» **ASSIGNED TASK**:
In the listing below, the answer starts at the line that has "RP / Kiichi-Yo" and stops after the line that has "پیش‌نمایش فایل security-613 از پک میزبانی وب"; please repeat that part exactly and nothing more.

» **INFORMATION SUPPLIED**:
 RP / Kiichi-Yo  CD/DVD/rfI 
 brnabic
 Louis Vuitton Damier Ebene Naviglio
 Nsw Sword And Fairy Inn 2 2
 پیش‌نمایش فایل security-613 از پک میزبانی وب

--

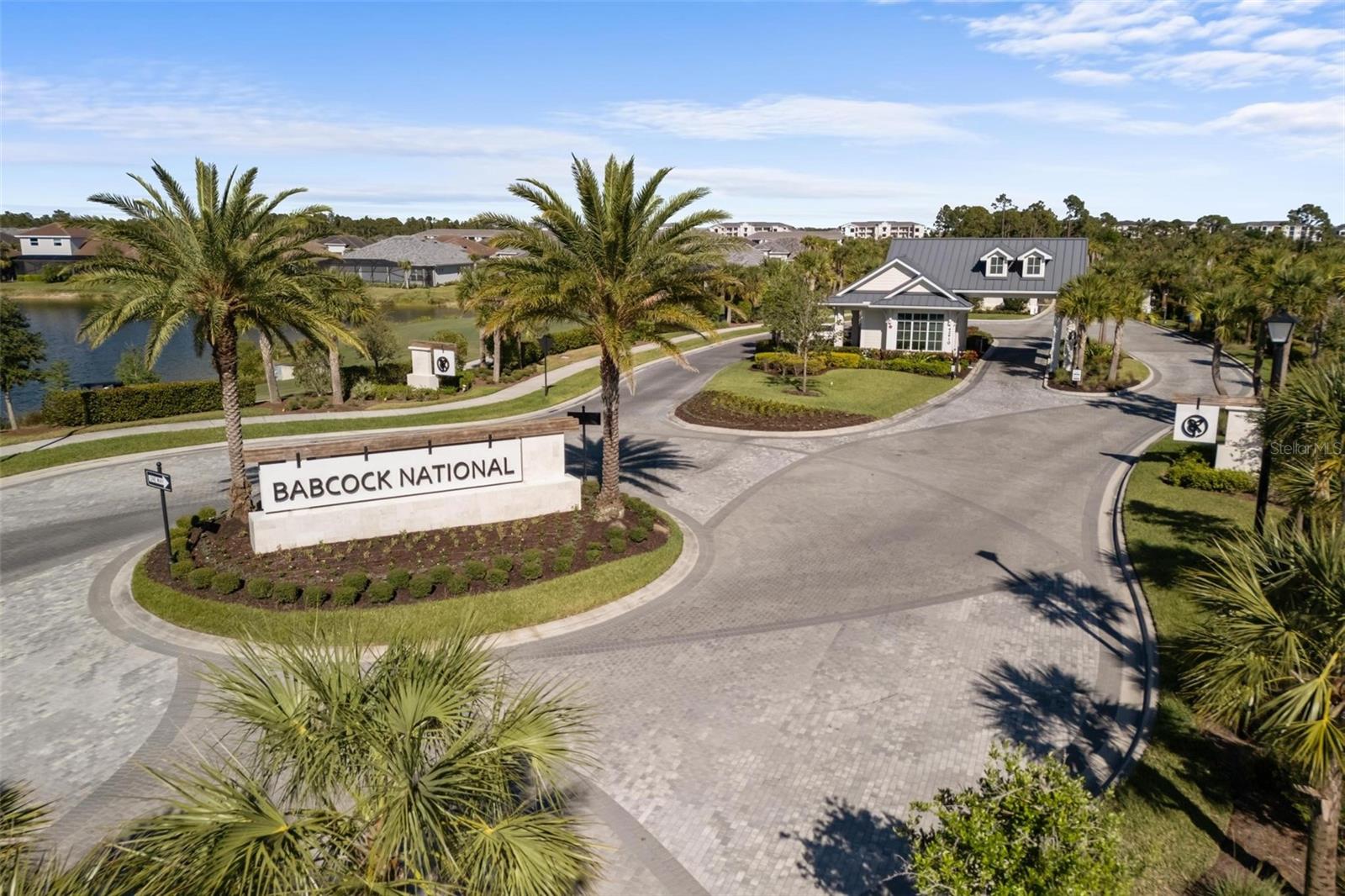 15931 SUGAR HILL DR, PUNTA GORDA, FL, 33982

* * *

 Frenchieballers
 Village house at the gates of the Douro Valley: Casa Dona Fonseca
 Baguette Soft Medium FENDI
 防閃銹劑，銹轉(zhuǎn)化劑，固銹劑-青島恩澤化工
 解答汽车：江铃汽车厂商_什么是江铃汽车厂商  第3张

» **RESULT OF THIS EXERCISE**:
 RP / Kiichi-Yo  CD/DVD/rfI 
 brnabic
 Louis Vuitton Damier Ebene Naviglio
 Nsw Sword And Fairy Inn 2 2
 پیش‌نمایش فایل security-613 از پک میزبانی وب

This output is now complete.